Innovation — advanced applications
The use of new applications can drive new customer experiences. These new applications need to run across multiple device types and may rely heavily on advanced graphics and advanced POS activity. They require a virtualized infrastructure that can efficiently, flexibly and reliably support multiple applications without inbuilt latency issues.
In addition, retailers need the in-house skills and resources to make implementation of the applications and service a reality. In research recently commissioned by Zynstra, retail IT decision makers identified budgets (48 percent), difficulty in delivering consistency of in-store versus online experience (39%), presence of legacy IT (34 percent) and lack of local store IT skills (29 percent) as the main challenges they faced in getting new applications and services into stores. The research further found that 83 percent of retailers would definitely implement more new applications if it was easier to do so.

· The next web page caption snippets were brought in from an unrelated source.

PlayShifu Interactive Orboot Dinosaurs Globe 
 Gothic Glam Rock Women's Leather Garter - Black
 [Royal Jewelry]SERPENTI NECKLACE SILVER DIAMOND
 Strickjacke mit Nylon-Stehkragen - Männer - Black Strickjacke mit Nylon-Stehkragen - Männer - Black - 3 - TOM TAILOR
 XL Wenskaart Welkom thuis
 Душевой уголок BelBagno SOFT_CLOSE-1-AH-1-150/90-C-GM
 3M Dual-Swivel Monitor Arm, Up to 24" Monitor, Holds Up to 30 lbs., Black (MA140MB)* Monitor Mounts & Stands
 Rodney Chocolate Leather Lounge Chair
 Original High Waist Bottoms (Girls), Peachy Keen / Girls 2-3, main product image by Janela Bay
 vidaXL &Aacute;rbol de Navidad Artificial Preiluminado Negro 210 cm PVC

The value of data and analytics
The use of data in the retail environment is key to success, from purchasing to customer loyalty. In the multi-channel space, with a focus on personalization and customer retention, integrated analytics can add tremendous value. And this approach will only increase in importance as in-store technology advances — think facial and shelf image recognition, weight and RFID sensors, beacons, digital signage and in-store push notifications.
Importantly, this data needs to be collected from multiple devices and analyzed locally, often in real-time with periodic communication and reporting to centralized control points.
This leads to a discussion on the use of cloud. Local in-store IT needs to be integrated with the advanced analytics capabilities, centralized control and scale of the cloud, whether that's delivered on public or private infrastructure. This doesn't necessarily affect customers directly, but streamlines operations, which contribute to delivering that experience.
Storing data locally
Following on from the use of and need for advanced analytics, IT needs to be able to support the collection, analysis and storage of that data. In many cases, data must be stored and manipulated locally for bandwidth, latency and policy reasons. The more data that is collected in store, be it from beacons, sensors, or other devices, the greater the requirement for efficient local storage.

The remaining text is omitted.